The ultimate challenge
"I admire non-conformists. I've tried to impress on my children's minds that the only people who make something of the world are the individuals. The way to oblivion is to be a conformist. The world is full of imitators who make a good living. But if you've got anything in you, you'll want to create something, not imitate!"
Mitch explains that he and Frances decided to move out of Stony Point two years ago because: "The kids were beginning to be bored. The school was no longer a challenge. Now that we are living in midtown New York, closer to my work, they have retained the basic values of a country town and they are not jaded. They go off to museums and libraries and find things I never knew existed in New York."

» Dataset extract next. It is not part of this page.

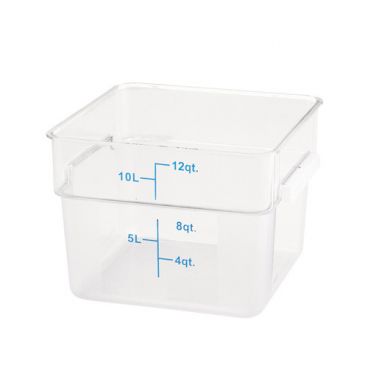 Winco PTSC-12 12 Qt. Polypropylene Square Food Storage Container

He is proud that Mike, fourteen, asked that he go to an out-of-town prep school, Deerfield, after graduating from Dalton School. "He didn't want to waste time in transit daily from home to school and back. He wants to devote that time to studying. He just couldn't get enough of school."
They're good, normal kids, Mitch indicates. "And credit my wife. She's the executive around the house; she establishes the right climate."
When you ask Mrs. Miller how she does it, she says, "It's not by lecturing. I have very seldom lectured the children. We live the way we think is right. We try to set the right examples rather than teach by moralizing."
His daughters date, and Mitch says he has only one strict rule for them. "I've told them never to go on a date without money in their purse. If the boy who's driving the car gets drunk or offensive, I want them to be able to get out and take a taxi home. I want them to walk away from a drinking date."
Mitch sums it all up:
"Parents who grease the way too much for the kids make a big mistake.
"Our kids are at the end of a long rubber band, and they're free. But when they stray too far, I snap them back." — Paul Denis
"Sing Along With Mitch" is colorcast over NBC-TV, Fri., 8:30 P.M. EST.